Federal Consistency: When a State Bill goes beyond the RPwD Act
Entry 9 of the State List in the Constitution places the ‘relief of the disabled and unemployable’. This empowers the Karnataka Government to legislate on disability-related welfare in employment and education; however, this power is not absolute. Parliament, under Article 253, enacted the Rights of Persons with Disabilities Act, 2016 (RPwD Act) to give effect to United Nations Convention on the Rights of Persons with Disabilities (UNCRPD), establishing a uniform rights-based framework for persons with disabilities across India. Under Article 254, any State legislation must be consistent with such Central legislation and to the extent of any repugnancy, the central legislation shall prevail, and the laws made by the State legislature shall be void. Accordingly, the Karnataka Government is constitutionally competent to enact a State-specific legislation, but shall do so in a manner that supplements the RPwD Act.
Constitutional Validity: Private Sector Reservation
The Bill mandates 5% reservation for persons with disabilities in private establishments employing twenty or more people. Reservations for PwDs are currently provided only in public employment under the RPwD Act. No Indian law mandates reservations for any group in private employment. The sole comparable example is 25% reservation in private unaided schools under the Right to Education Act, 2009 and upheld by the Supreme Court in Society for Unaided Private Schools in Rajasthan and Anr v. Union of India and Pramati Educational and Cultural Trust v. Union of India because it was backed by a constitutional amendment (Article 21A) and education was recognized as a public function. In contrast, there is no constitutional amendment or backing supporting reservations in private employment. Therefore, the Bill is likely to face a serious constitutional challenge, which cannot be legally sustained. Instead of imposing mandatory reservation, the State should focus on the application of non-discrimination obligations and enforceable reasonable accommodation measures. These measures are constitutionally sound and more likely to withstand judicial scrutiny while meaningfully advancing inclusion.
The Bill, additionally, mandates a 10% reservation for persons with disability in all educational institutions, including private unaided institutions. However, under the RPwD Act, reservation in higher education is limited to persons with benchmark disability i.e. those assessed to have not less than 40% of specified disability. This ensures that only persons with significant barriers or benchmark disability can avail a reservation.

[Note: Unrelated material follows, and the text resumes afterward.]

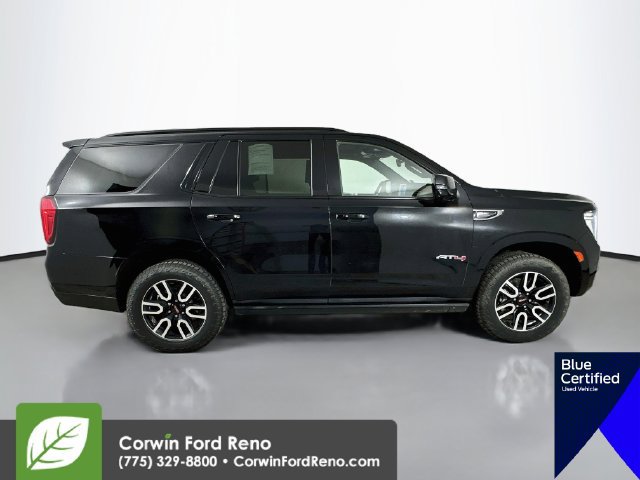 Used 2021 GMC Yukon AT4 w/ AT4 Premium Plus Package AWD/4WD image 11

Section 32 of the RPwD Act also capped at 5% in government or government-aided institutions of higher education. It is unreasonable to require private institutions to provide reservations at a higher level than mandated by the State under the RPwD Act. The Bill offers no empirical data or rationale to justify doubling the quantum of reservation to 10% nor does it limit the benefit to benchmark disabilities.
Practical enforcement
The Bill empowers the State Regulatory Authority to prescribe the form of disability certificates, as already governed by Section 56-58 of the RPwD Act and Rules. Allowing State Authorities to act independently will cause certification risks, inconsistent standards, duplication of bureaucratic processes and increased burden on persons with disabilities who already face access barriers.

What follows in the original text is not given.